Violinist Steven Moeckel, left, will share the stage with his former Tucson colleagues oboist Lindabeth Binkley, center, and pianist Paula Fan. All three were members of the Tucson Symphony Orchestra years ago. Moeckel is the longtime Phoenix Symphony concertmaster, a role he assumed in early 2008 after leaving Tucson.

It’s homecoming next weekend for two former Tucson Symphony Orchestra musicians who will share a stage for the first time in nearly a decade.

Steven Moeckel and Lindabeth Binkley join former colleague Paula Fan on Sunday, Aug. 6, for the St. Andrew’s Bach Society concert at Grace St. Paul’s Episcopal Church — the same venue and same concert series that saw the pair in their last performance together in summer 2008.

Violinist Moeckel and oboist Binkley were part of the Bach Society chamber orchestra that performed Bach’s stunning B Minor Mass, one of the series’ most ambitious projects under the leadership of Binkley. She ran the concert series for five years before officially stepping down in 2012.

This time, the pair will perform a concert of works by Bach and Camille Saint-Saëns, including his Oboe Sonata in D major.

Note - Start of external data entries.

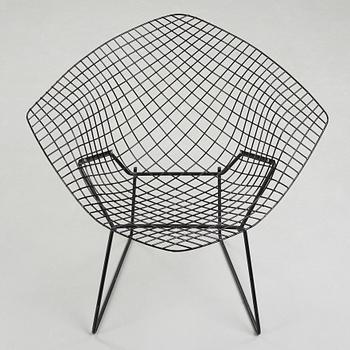 An easy chair "Diamond Chair" by Harry Bertoia.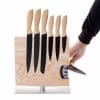 Magnetischer Messerblock aus Holz mit sechs Küchenmessern und integriertem Messerschärfer, Lifestyle-Abbildung mit Hand beim Schärfen.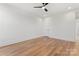 Minimalist bedroom with hardwood floors, a ceiling fan, and ample natural light at 621 Poindexter Dr, Charlotte, NC 28209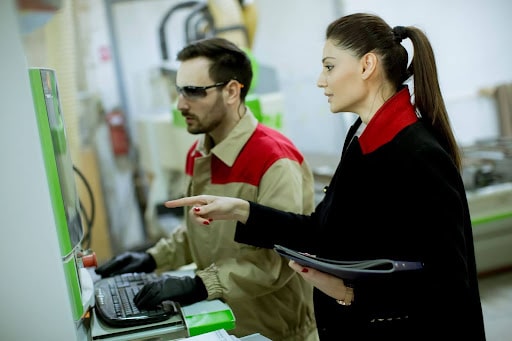 Workers collaborating in a factory setting, optimizing machinery and processes.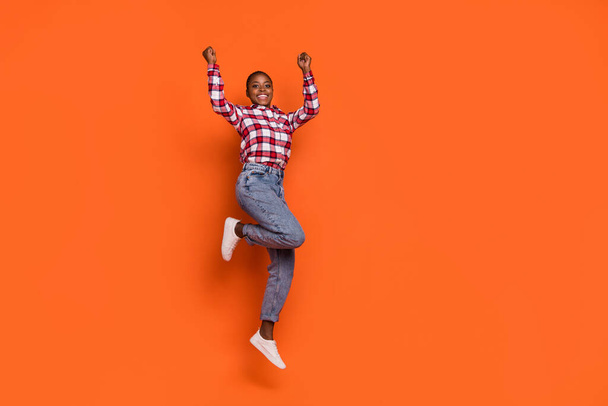 Full size portrait of overjoyed energetic person raise fists celebrate shout yes isolated on orange color background. - Фото, изображение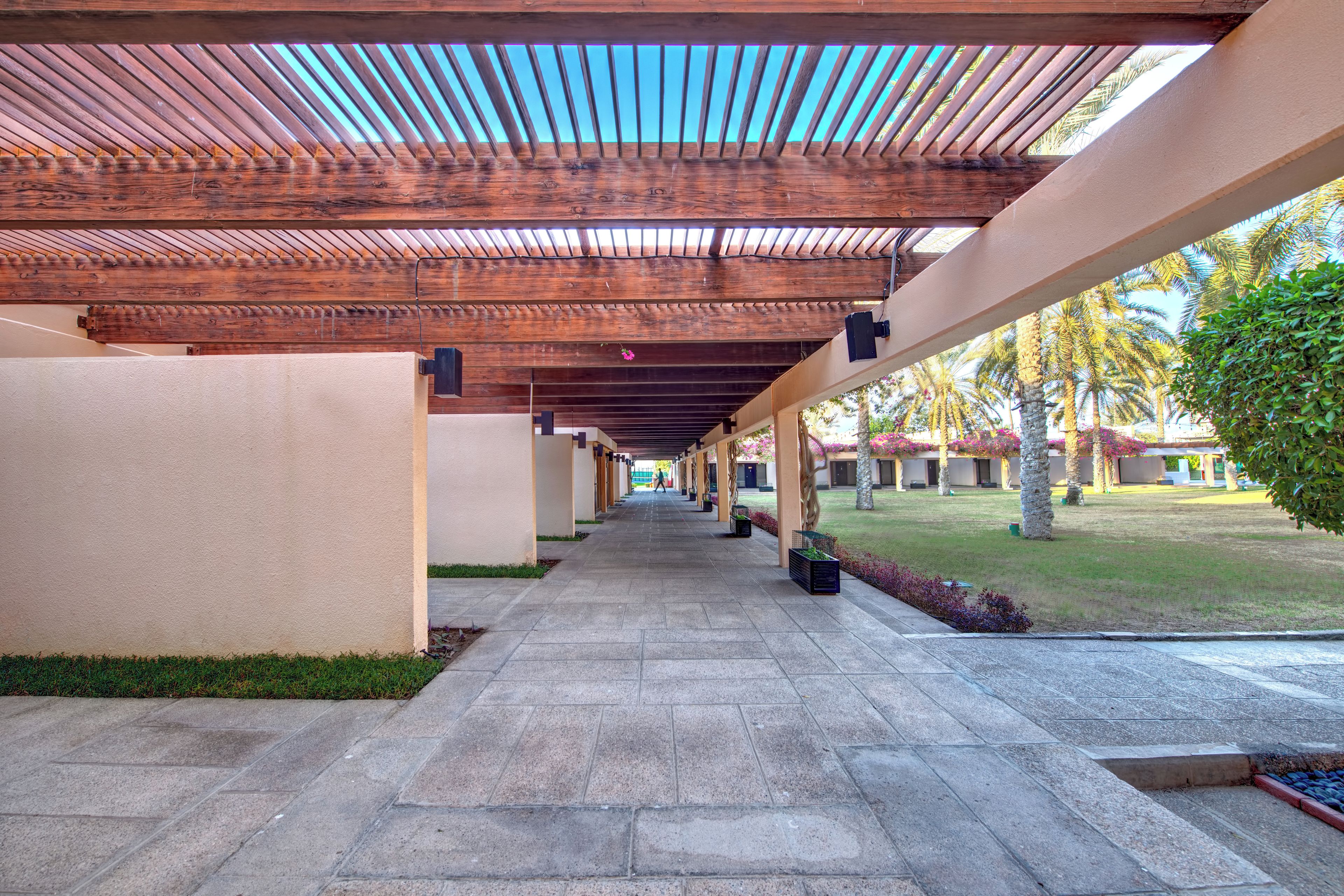 A covered walkway with a tiled floor, wooden beams, and a view of a landscaped area with palm trees.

“It’s been forever since I played with Steven,” Binkley said from her home in Michigan, where she teaches oboe at her alma mater, Central Michigan University. “It will be fun. I’m excited about it.”

Ben Nisbet, who took over as Bach Society artistic director in 2012, had been looking for an excuse to bring Binkley and Moeckel back to the series. Binkley hasn’t returned since she left, and Moeckel, once a regular, has been absent the past couple years as his summers have filled up with national and international soloist gigs and recitals.

“It occurs to me that when I first started out here in Tucson with the symphony and with the Bach Society, Steven and Lindabeth were two of the most important people in town for music,” said Nisbet, who for years played violin with the pair in the TSO.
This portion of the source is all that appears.